Fecha: 6 de junio de 2021

La pandemia ha puesto en cuestión muchas cosas y ha despertado muchos interrogantes que permanecían soterrados y solo afloraban de vez en cuando, cuando las circunstancias forzaban a hacerlo. Esto ha ocurrido en todos los ámbitos de la vida y, por supuesto, en el terreno de la fe. No lo consideramos una desgracia, sino una oportunidad de sanación, pues lo que está enfermo y oculto acaba pudriéndose y puede llegar a ser mortal.

Uno de esos interrogantes viene planteado a partir del hecho de que el confinamiento nos ha forzado a vivir la fe en casa, prescindiendo de la misa y, en general de la vida de los sacramentos. Los nuevos sistemas de comunicación han facilitado esta vivencia. Son una gran ayuda. Sin embargo esto, que para muchos ha sido un descubrimiento, ha provocado la pregunta: ¡esta experiencia no está mal!, ¿para qué hemos de ir a misa? Y el miedo al contagio, unido a la pereza, precipitan la decisión: “no es tan necesario ir a misa”. Además, ¿por qué los sacramentos?; el perdón, la fe, los compromisos (matrimonio, sacerdocio), ¿no son ante todo algo que ocurre en el corazón, entre cada uno y Dios? ¿No tiene razón la reforma protestante cuando dice que son solo expresión de lo que uno cree, y que por tanto se puede prescindir de ellos? ¿No hay muchas espiritualidades que te hacen vivir la interioridad del corazón, que es lo más importante? “Dios y yo, Dios (o lo que sea ese ser que imagino) y mi interioridad es lo que me da paz…”

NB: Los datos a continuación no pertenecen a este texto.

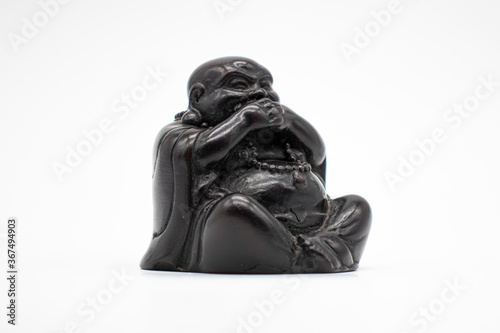 Statue speak no evil, Black sculpture rock on white, Isolated, Front angle.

Sin embargo la pandemia ha suscitado otro sentimiento contrapuesto: una verdadera ansia del contacto físico. La necesidad del abrazo con la persona amada, con la persona que, seguramente uno podía ver o escuchar cada día por vía telemática. Algo nos pasa que no es suficiente la palabra, ni la imagen “a distancia”… El gesto presencial, el contacto físico, añade verdad al afecto interior. ¡La presencia física, ese sacramento del espíritu!

Por esta vía podemos adivinar algo de lo que Dios sentía dentro de sí, dejándose llevar por su amor al mundo y a la humanidad creada. Él ciertamente podía amar de verdad a todos, pero ¿cómo llegarían los hombres y mujeres a conocerle y amarle con plena verdad, tal como eran, es decir, siendo, no ángeles ni espíritus puros, sino seres de carne y hueso? Y así, decidió tomar carne humana, real e histórica. Desde entonces, Dios, el Dios de Jesucristo, se hace accesible en carne humana.

Parece que Dios sentía algo parecido a la ansia que vive hoy la gente por “el abrazo”, el beso, el darse la mano. Una tradición teológica y espiritual muy antigua llama a la Encarnación “el abrazo de Dios a la humanidad”.

Por eso, aunque nos parece extraño (y los teólogos darían no pocas explicaciones), decimos que existe la carne y el cuerpo de Dios. Así fue en Jesucristo. Y así ocurre entre nosotros cuando, al comulgar, decimos “Amén” a la voz “el Cuerpo de Cristo”. Un “Amén” a tocar y saborear el Cuerpo Eucarístico de Cristo, y también su Cuerpo Místico, que somos la Iglesia, todos los hermanos.

El amor perfecto busca la celebración sensible. En ella se activan todos nuestros sentidos, los corporales, los psicológicos, los espirituales, para recibir y dar, sentirse amado y amar. Y así, decimos que en la liturgia, particularmente en la celebración de la Eucaristía, se realiza el misterio que somos; una comunión visible de hermanos en Cristo.